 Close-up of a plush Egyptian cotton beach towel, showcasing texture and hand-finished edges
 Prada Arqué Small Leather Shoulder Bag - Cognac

###

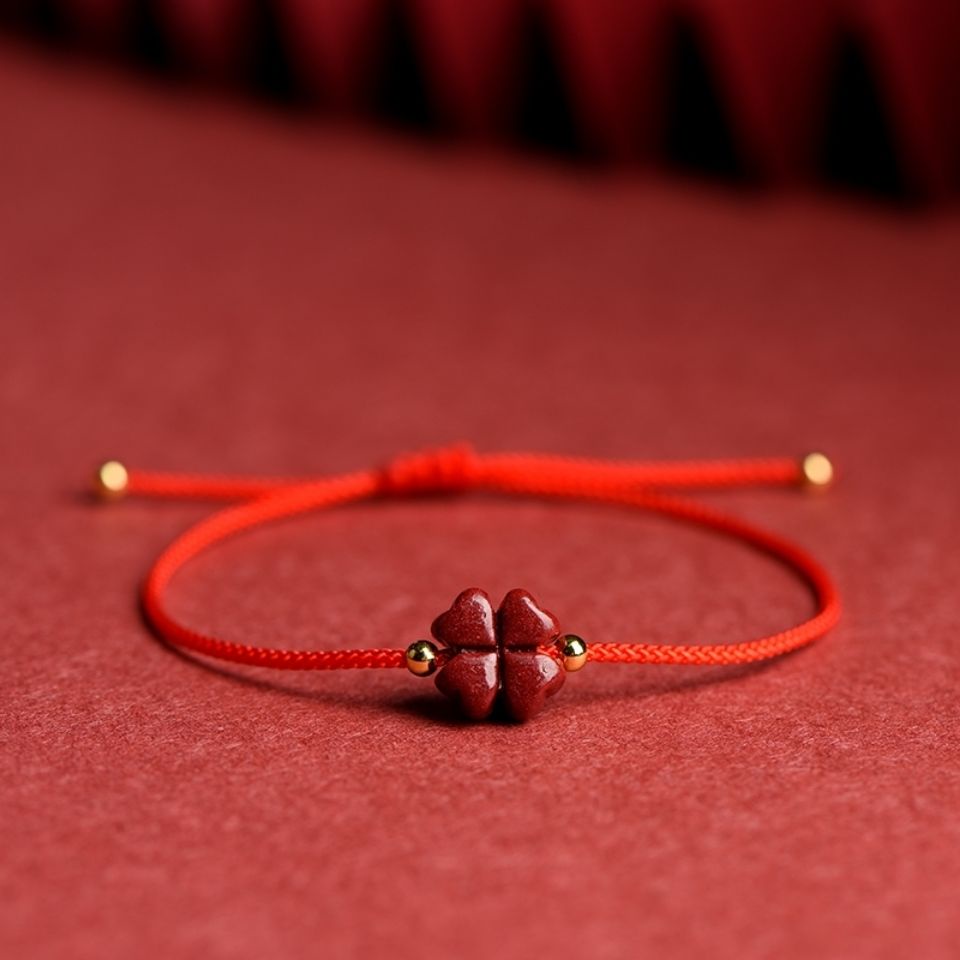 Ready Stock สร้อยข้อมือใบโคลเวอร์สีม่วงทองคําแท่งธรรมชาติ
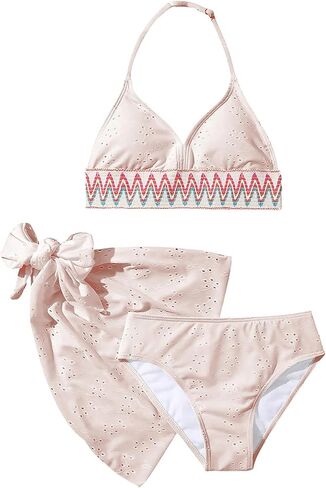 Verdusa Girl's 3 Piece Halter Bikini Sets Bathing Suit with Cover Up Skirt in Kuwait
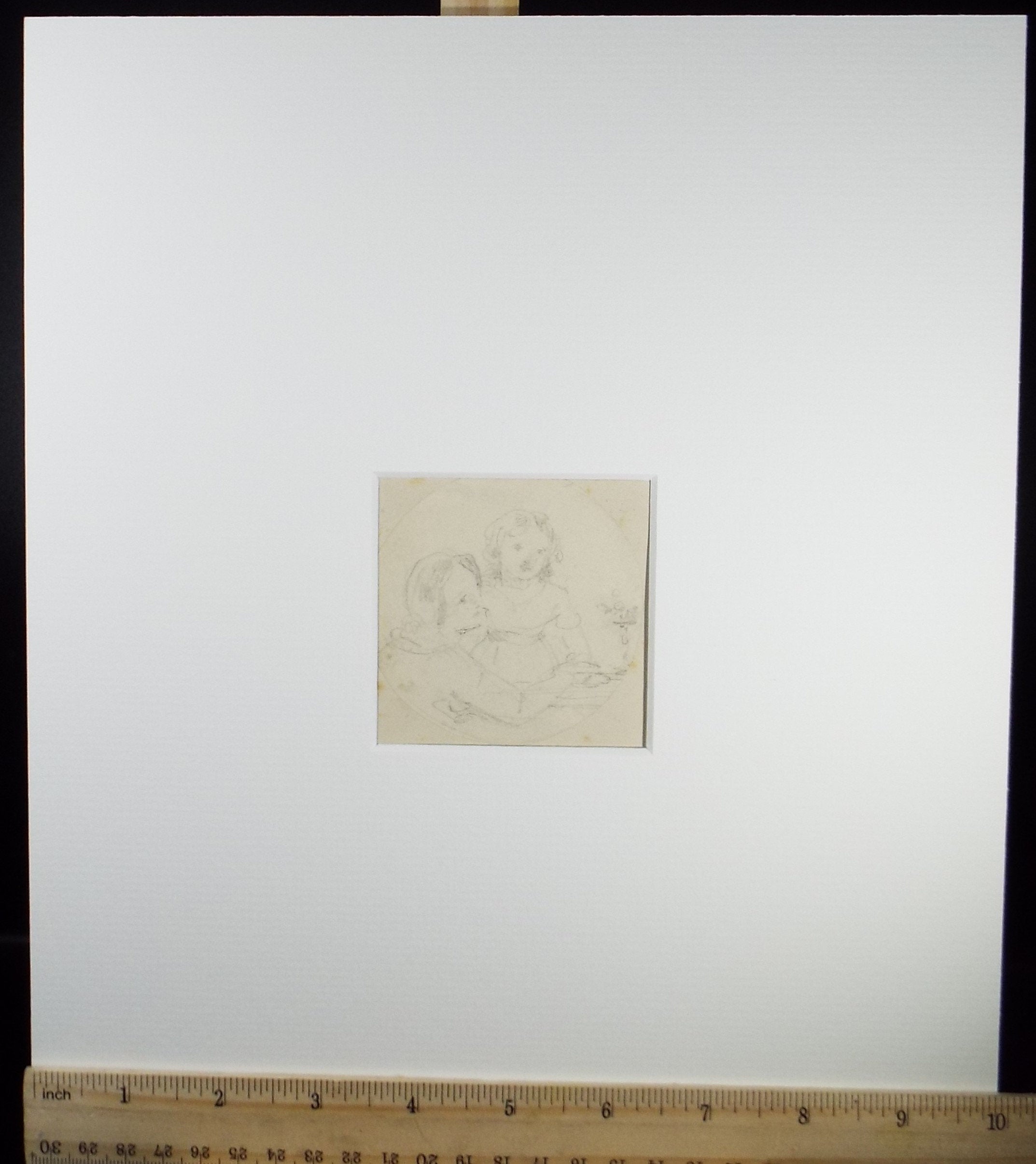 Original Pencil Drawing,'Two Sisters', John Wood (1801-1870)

###

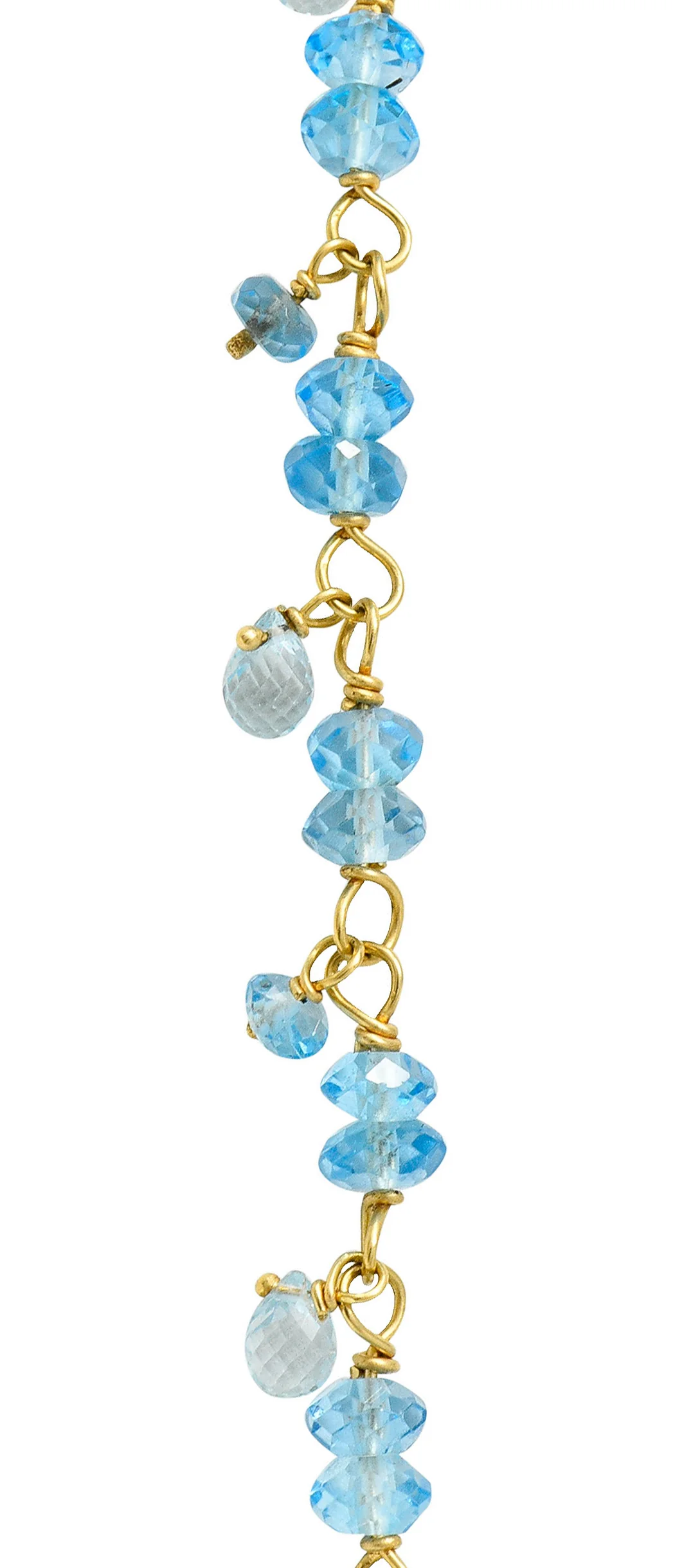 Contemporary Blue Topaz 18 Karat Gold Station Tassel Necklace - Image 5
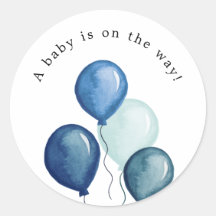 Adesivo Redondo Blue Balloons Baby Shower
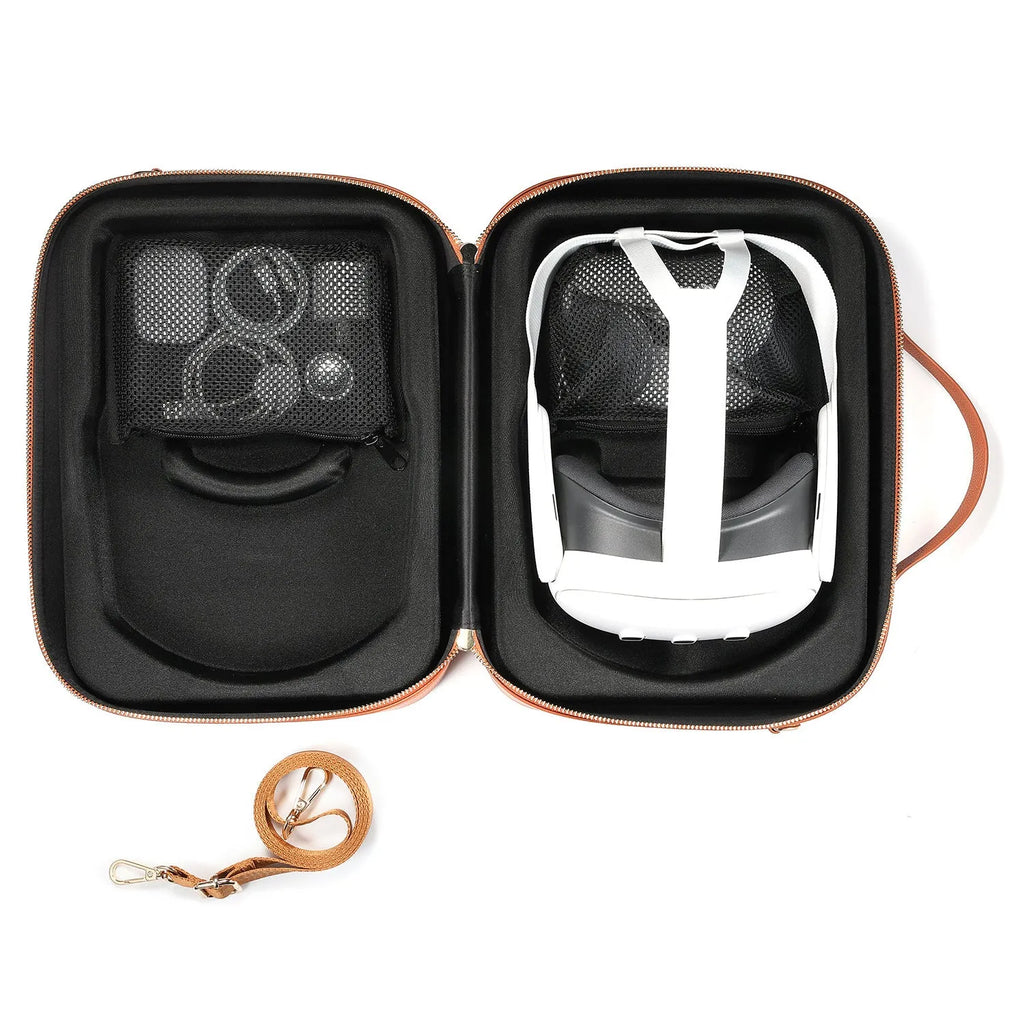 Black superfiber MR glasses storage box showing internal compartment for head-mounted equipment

###

WORK INSTRUCTIONS.
In the listing above, find the line with "Ready Stock สร้อยข้อมือใบโคลเวอร์สีม่วงทองคําแท่งธรรมชาติ" and the line with "Original Pencil Drawing,'Two". Copy both of them and every line between, exactly, but not the pictures.

EXERCISE RESULT.
 Ready Stock สร้อยข้อมือใบโคลเวอร์สีม่วงทองคําแท่งธรรมชาติ
 Verdusa Girl's 3 Piece Halter Bikini Sets Bathing Suit with Cover Up Skirt in Kuwait
 Original Pencil Drawing,'Two Sisters', John Wood (1801-1870)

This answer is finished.